# Problem description
What is needed is an exact copy of the entries, with the pictures excluded.

[Data in this exercise — start]

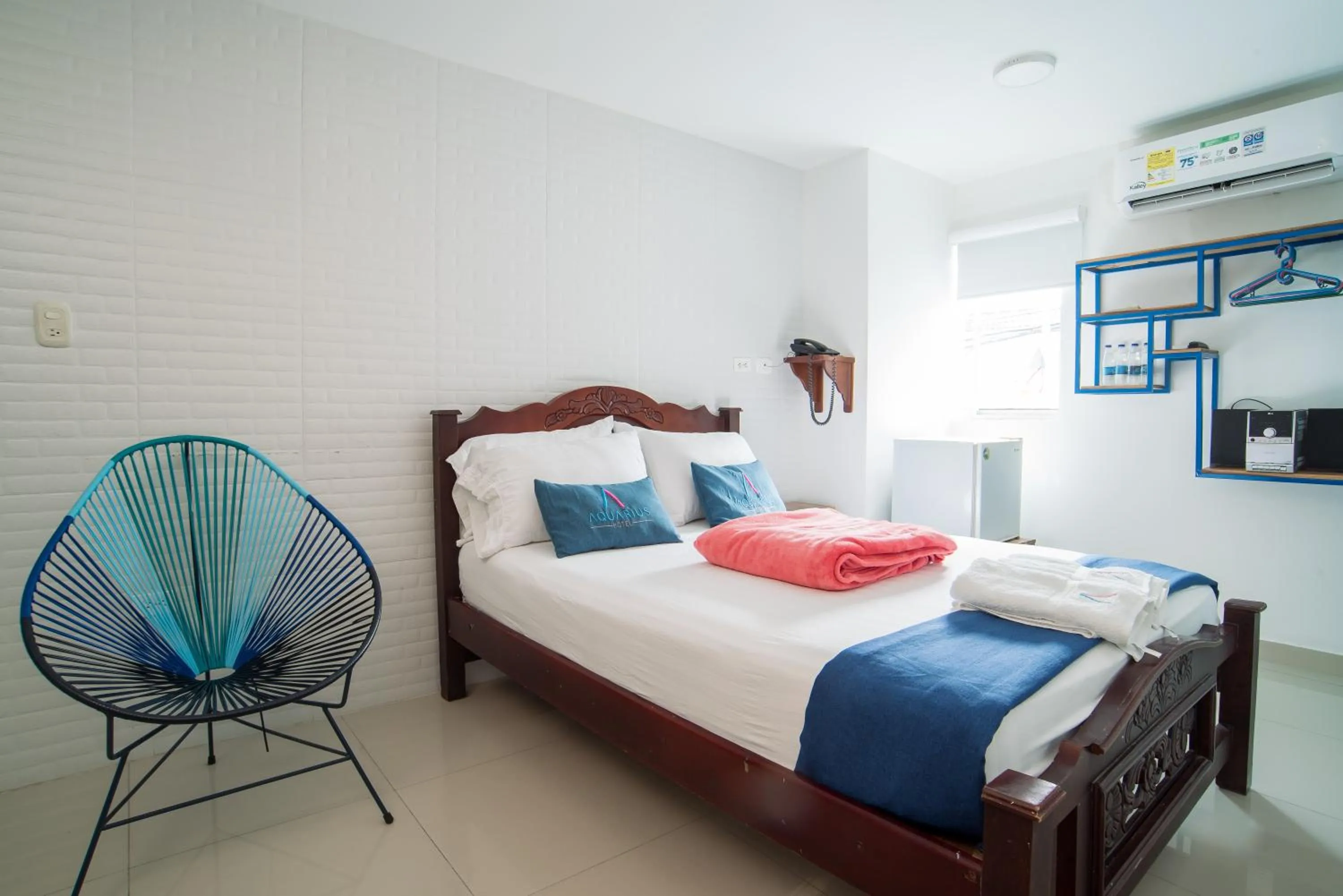 Bed in Hotel Aquarius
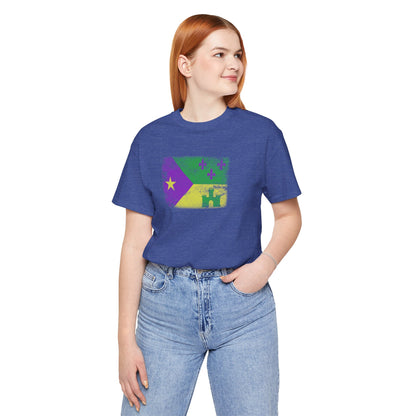 Mardi Gras Cajun Flag T-Shirt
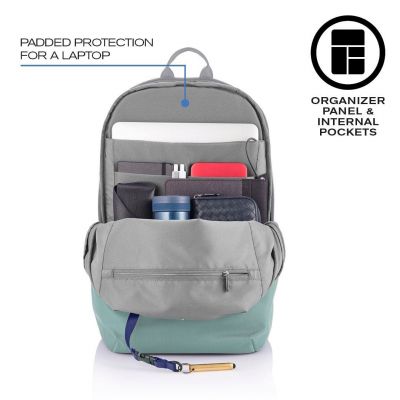 9. XD DESIGN PLECAK ANTYKRADZIEŻOWY BOBBY SOFT ZIELONY P/N: P705.797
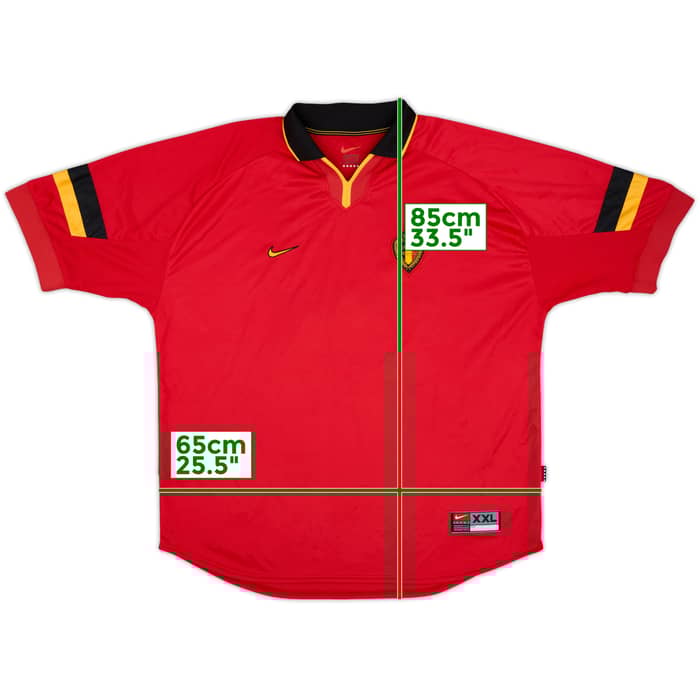 1999-00 Belgium Home Shirt - 9/10 - (XXL)
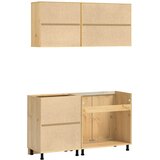  Cabinet s policom SKI 4 pcs Medeno Smeđa Čvrsto borovo drvo | shoptok.hr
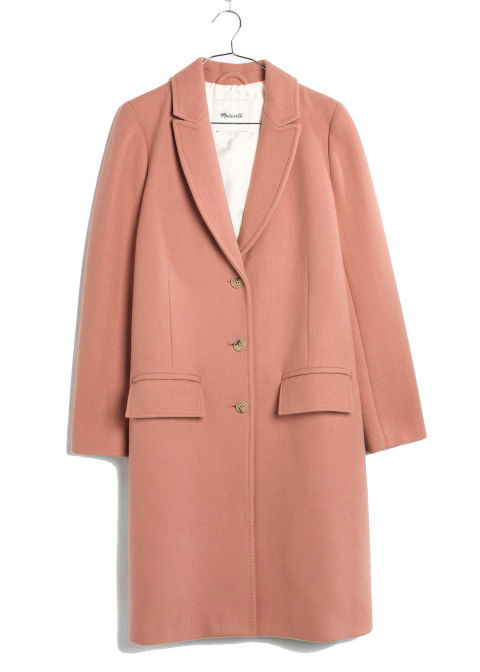 2017 winter coats trends - peach swing coat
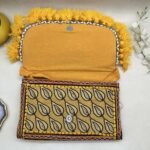 Sarson Fields Banjara Sling Bag - Inside view with magnetic clasp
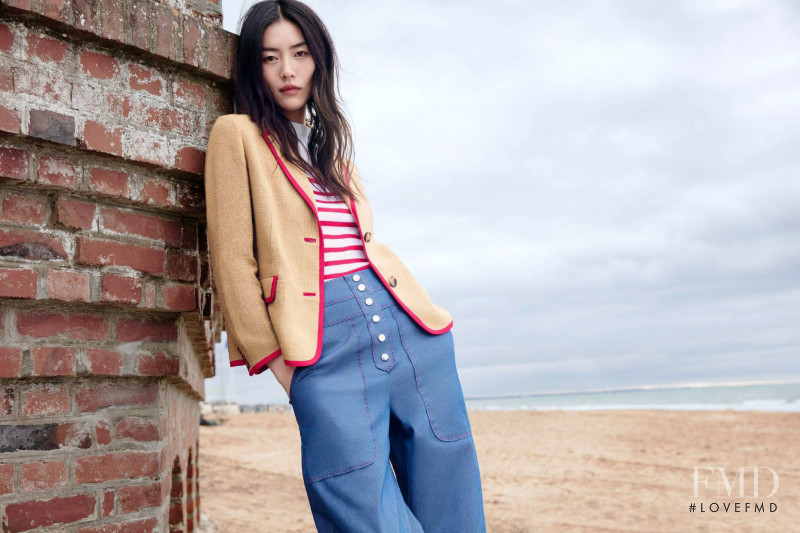 Liu Wen featured in  the Erdos advertisement for Spring/Summer 2018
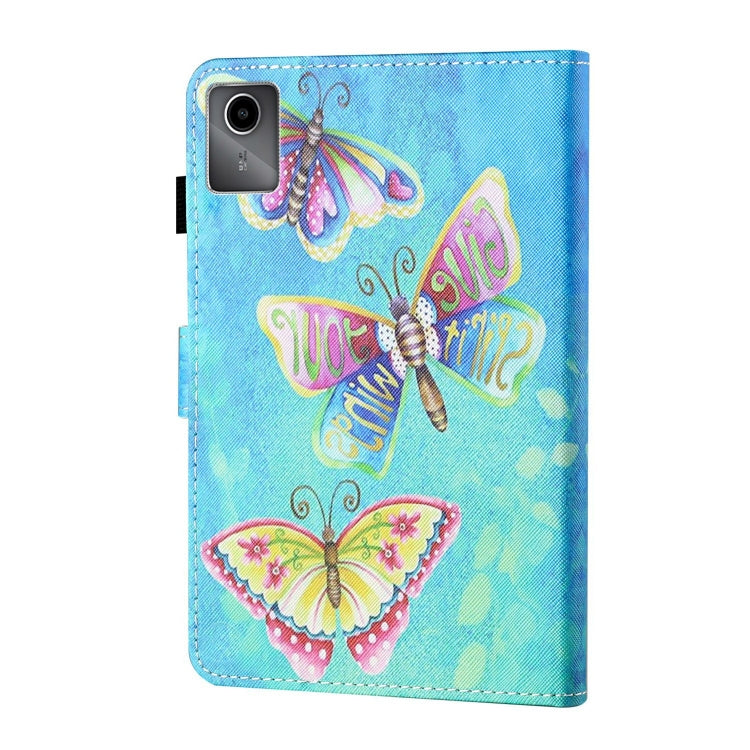 For Lenovo Tab M11/ Xiaoxin Pad 11 2024 Coloured Drawing Stitching Smart Leather Tablet Case(Colorful Butterflies) - Lenovo by PMC Jewellery | Online Shopping South Africa | PMC Jewellery | Buy Now Pay Later Mobicred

[Data in this exercise — finish]

# Expected answer
 Bed in Hotel Aquarius
 Mardi Gras Cajun Flag T-Shirt
 9. XD DESIGN PLECAK ANTYKRADZIEŻOWY BOBBY SOFT ZIELONY P/N: P705.797
 1999-00 Belgium Home Shirt - 9/10 - (XXL)
  Cabinet s policom SKI 4 pcs Medeno Smeđa Čvrsto borovo drvo | shoptok.hr
 2017 winter coats trends - peach swing coat
 Sarson Fields Banjara Sling Bag - Inside view with magnetic clasp
 Liu Wen featured in  the Erdos advertisement for Spring/Summer 2018
 For Lenovo Tab M11/ Xiaoxin Pad 11 2024 Coloured Drawing Stitching Smart Leather Tablet Case(Colorful Butterflies) - Lenovo by PMC Jewellery | Online Shopping South Africa | PMC Jewellery | Buy Now Pay Later Mobicred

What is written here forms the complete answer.